**SOURCE MATERIAL:**
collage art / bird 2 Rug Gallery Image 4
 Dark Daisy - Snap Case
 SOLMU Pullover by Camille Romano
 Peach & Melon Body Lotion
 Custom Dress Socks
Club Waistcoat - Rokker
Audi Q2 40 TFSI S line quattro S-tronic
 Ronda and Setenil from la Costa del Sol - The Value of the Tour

**DIRECTIONS FOR THIS TASK:** Every line in the listing above should be repeated exactly.

**ANSWER SPACE:**
collage art / bird 2 Rug Gallery Image 4
 Dark Daisy - Snap Case
 SOLMU Pullover by Camille Romano
 Peach & Melon Body Lotion
 Custom Dress Socks
Club Waistcoat - Rokker
Audi Q2 40 TFSI S line quattro S-tronic
 Ronda and Setenil from la Costa del Sol - The Value of the Tour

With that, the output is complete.